IA Summit: Design Patterns in the Real World

by Luke Wroblewski March 26, 2006

James Reffell and Micah Alpern presented eBay’s evolving body of solutions to Design Patterns in the Real World at IA Summit 2006. As their business and design teams grew exponentially over the past few years, eBay began to have problems maintaining design consistency within their products.

Once the number of designers at eBay grew past “a number that could effectively coordinate amongst themselves” the complexity of the eBay platform and the rate at which products needed to be delivered contributed to lots of unintentionally inconsistent design work. People were reinventing the wheel and lots of information was being lost. To address these issues, eBay’s design team tried several approaches:

Step 1: The Style Guide Book

A large (in scope and physical size) style guide was created to document standards. However, the book was obsolete when it was printed and within six months it was dangerous. The book didn't work because some of it was too general while the rest was too specific. It didn't address the stuff that was most needed: the magic middle.

Step 2: Pattern Investigations

Building on lessons learned from the style guide publication, the team began a series of investigations into key concepts that were in use across the site most notably: forms, buttons, and icons. For each concept, an investigation was done of what examples existed on eBay and what implementations were in use online (other sites). From this analysis and any existing eBay usability data, the team extracted a set of best practices and guidelines, which were documented in PowerPoint decks.

Each deck provided an overview of the problem space, a set of guidelines for addressing the problem, and the rationale behind the decision. These decks helped enable more consistency among key UI elements on the eBay site, but they took a long time to complete, required vetting with multiple stakeholders, and were static (hard to update). This coupled with the fact that each designer had to recreate what they saw in the decks in order to provide engineering enough information to develop a product, made the team explore other forms of communicating guidelines.

Step 3: XML Code

In an effort to make things easier on designers and reduce friction during the transition from design to development the next stage of eBay’s patterns employed an XML solution. The team (namely Jamie Hoover) developed an XML language for design that spoke to designers and developers. This semantic mark-up enabled designers to think structurally by using custom XML tags such as TITLE and INPUT when creating designs. The development teams were then able to use this XML to create the front-end code for the site.

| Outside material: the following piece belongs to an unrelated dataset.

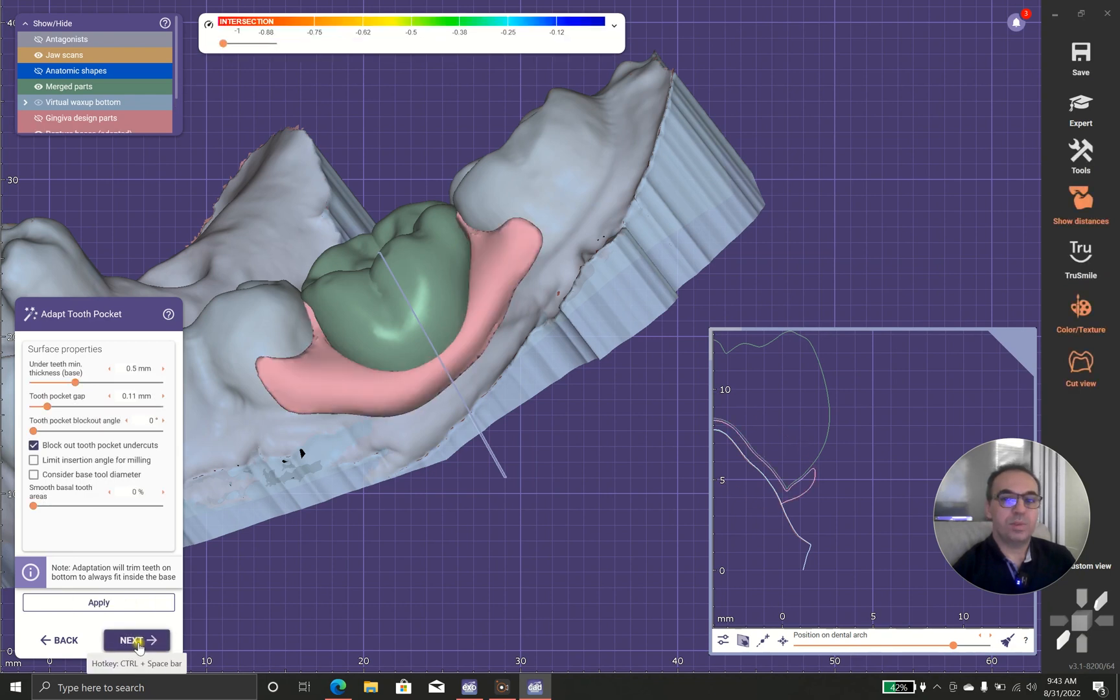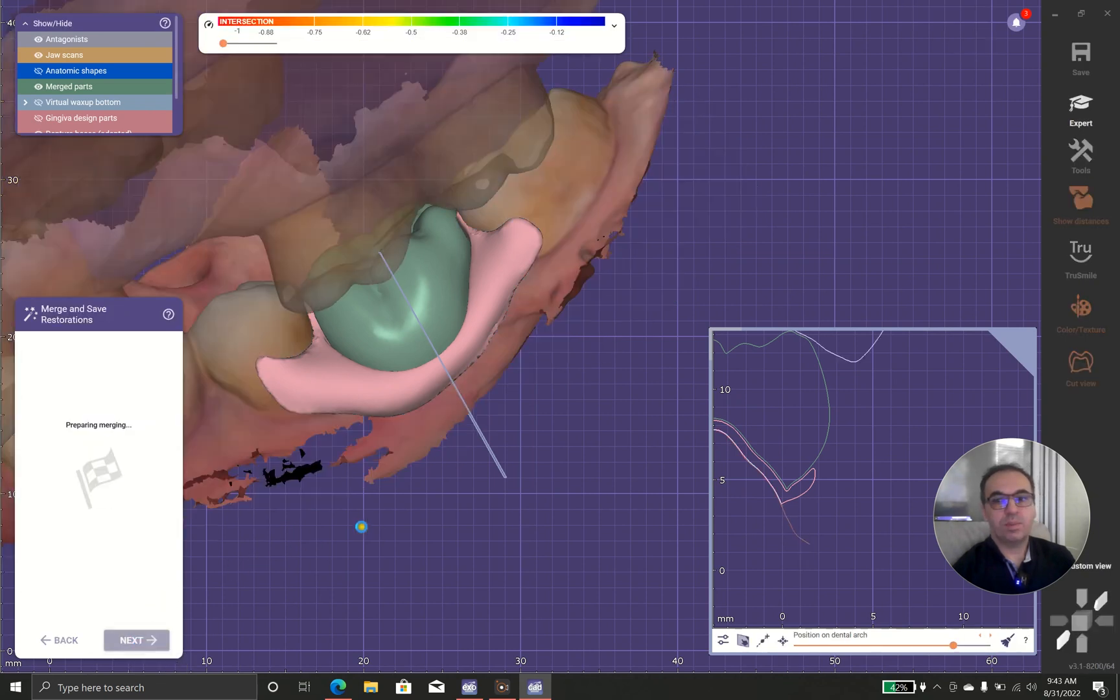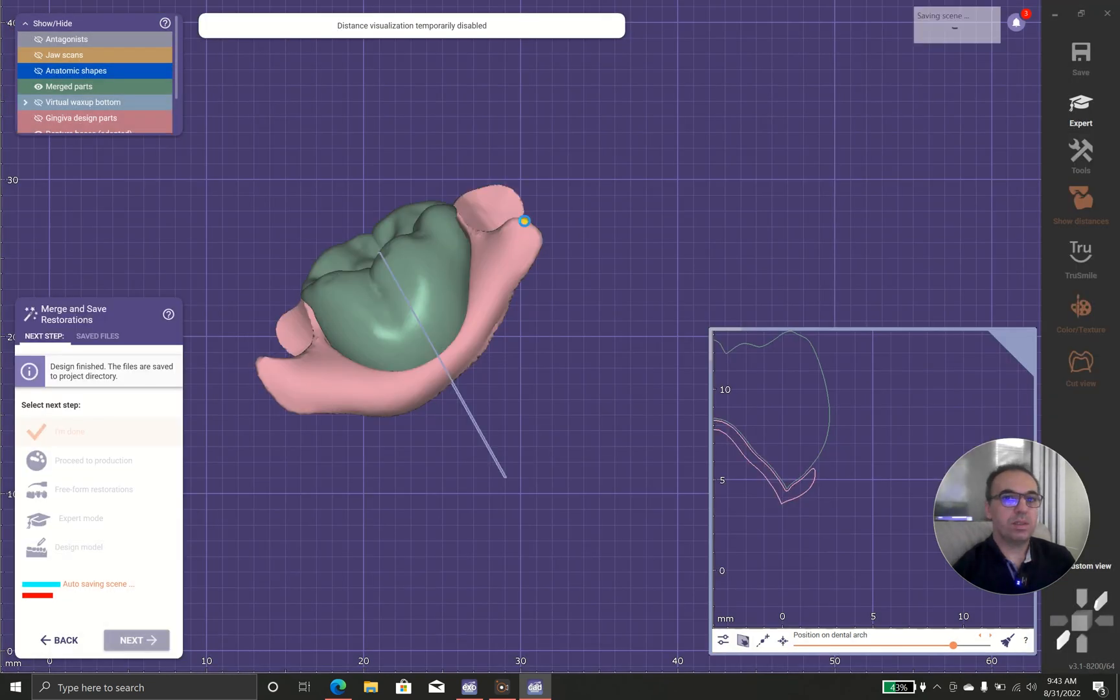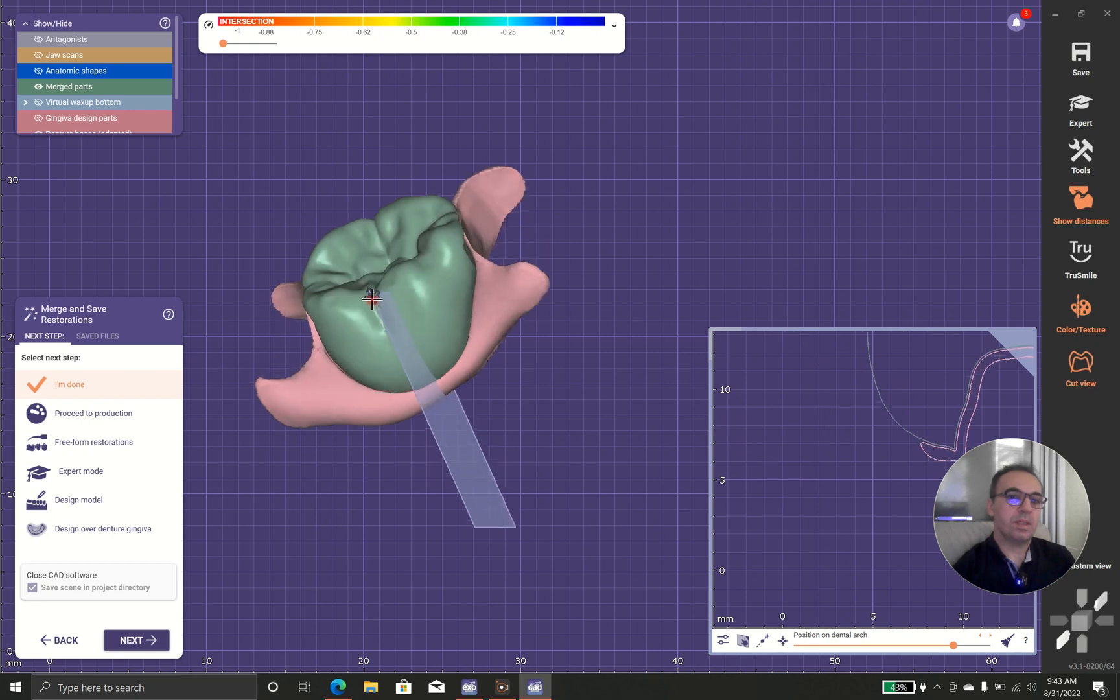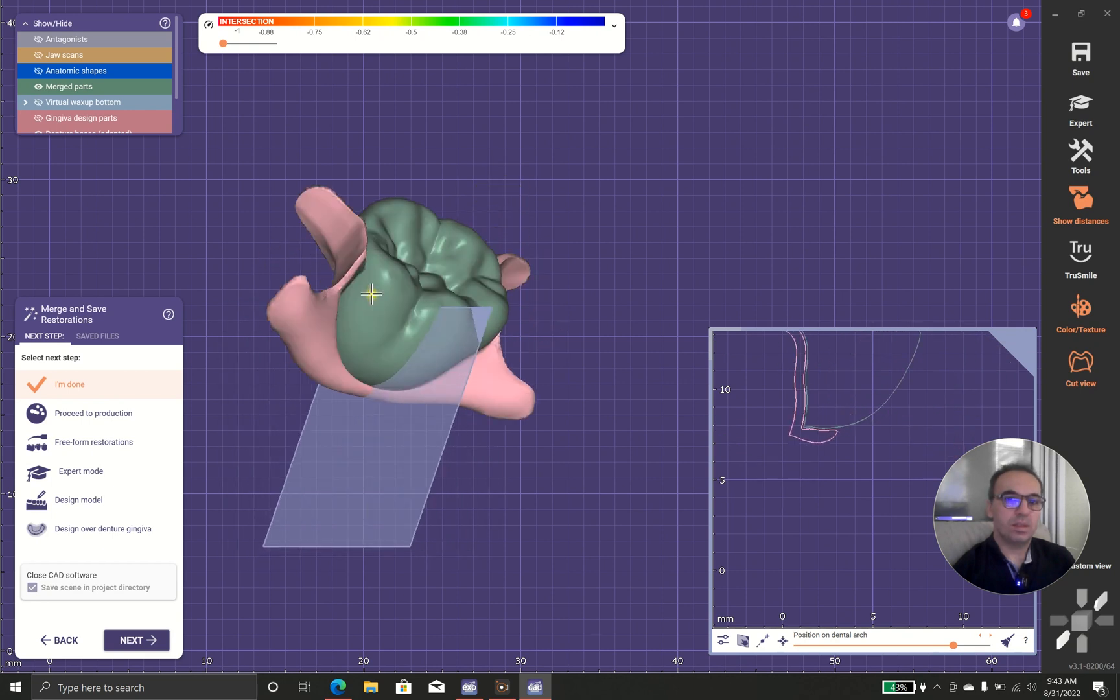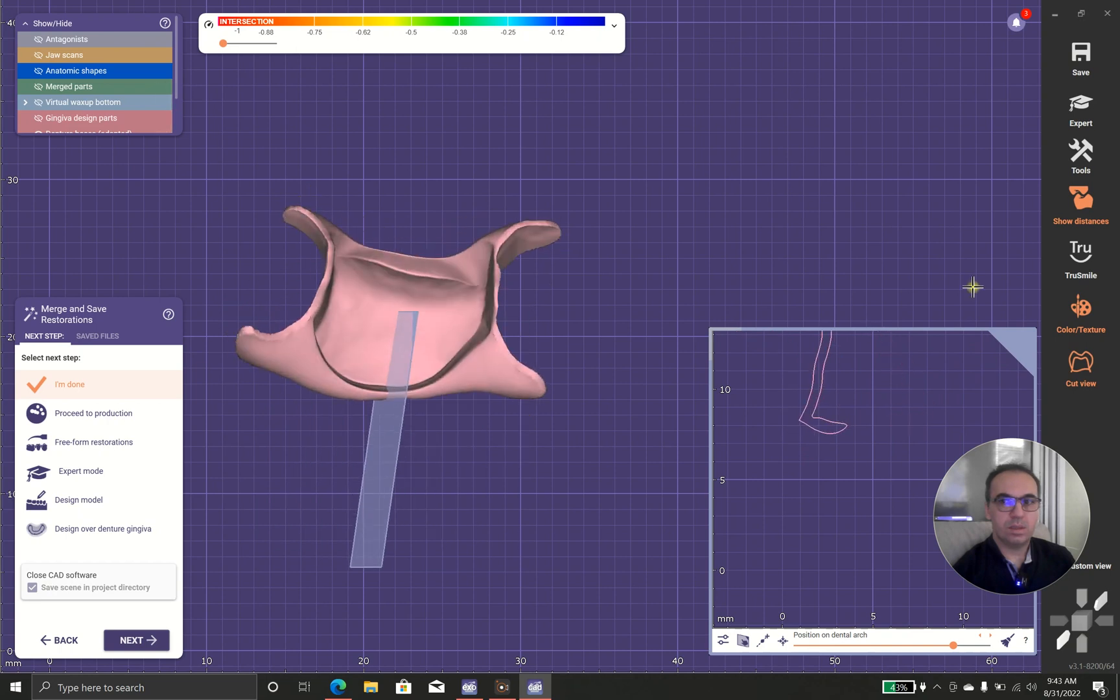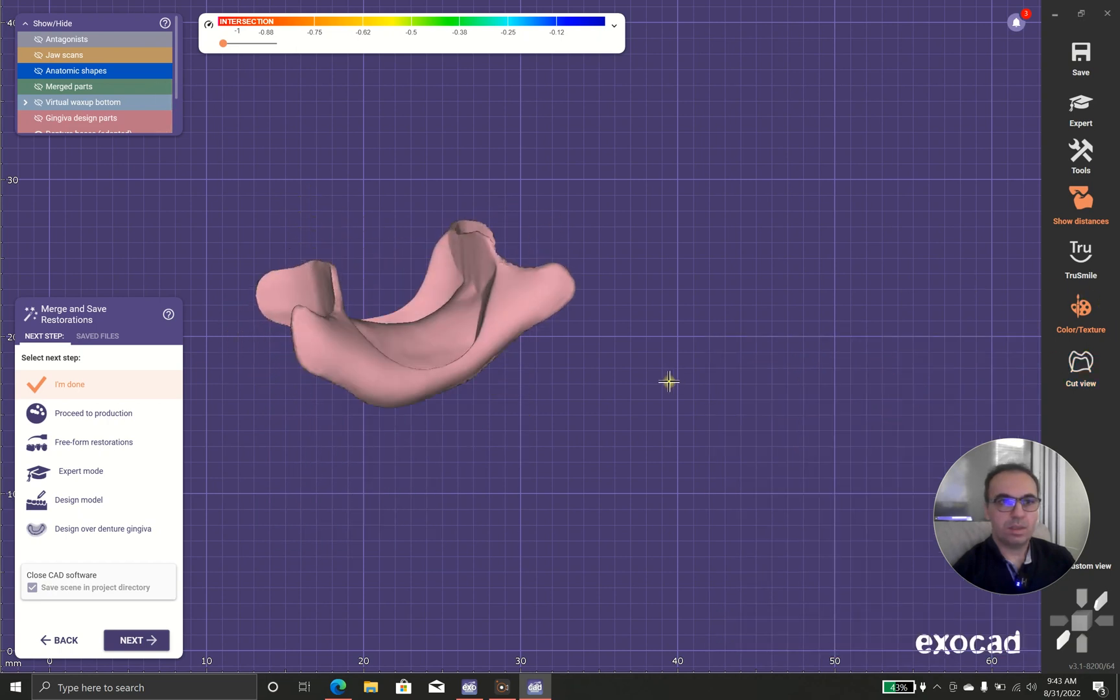But of course, it's a complicated process because you have two pieces. You should glue them together with the base denture resin. And as you can see, there is a gap and there are the teeth.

Because the presentation code was separated from the semantic mark-up of the design, designers only had to think in terms of components and their states and attributes. Developers, on the other hand, could apply whatever presentation and behavioral layer they needed to the code. Micah Alpern demoed the structure of eBay’s XML for forms and showcased the many variations the code supports (pretty slick stuff).

Despite the XML code being utilized by many designers, and reducing the development time required to build products, this system ultimately did not work either. What kept it from taking root was lack of resources, the time required to train designers to use it correctly, and not enough flexibility (seeing a theme yet?) within the semantic structure of the XML.

Additionally, code snippets provided designers with a means to implement their designs, but they did not provide any explanation behind why each component worked the way it did and how the components should be applied across the eBay site.

Step 4: Pattern Engine

Most recently, the eBay team focused their efforts on including a significant amount of process improvements to pattern documentation and implementation. A top-down and bottom structure (below) was developed to frame the different types of patterns being documented: components & frameworks.

A dynamic Web-based system was put together to communicate the patterns, provide direct links to the code snippets required to implement them, and document the context under which they were tested and designed. This format provided information about each pattern that included: where should you use it, when should you use it, why should you use it, and who to contact for more information about it. When available, each pattern also had direct links to visual specifications and content guidelines related to that specific component and/or framework.

Overall, the eBay team feels they’ve naturally migrated to the Educate & Administrate model espoused by Jared Spool. Their current system shows how people, process, code and patterns are all an important part of making good design easier to do than not.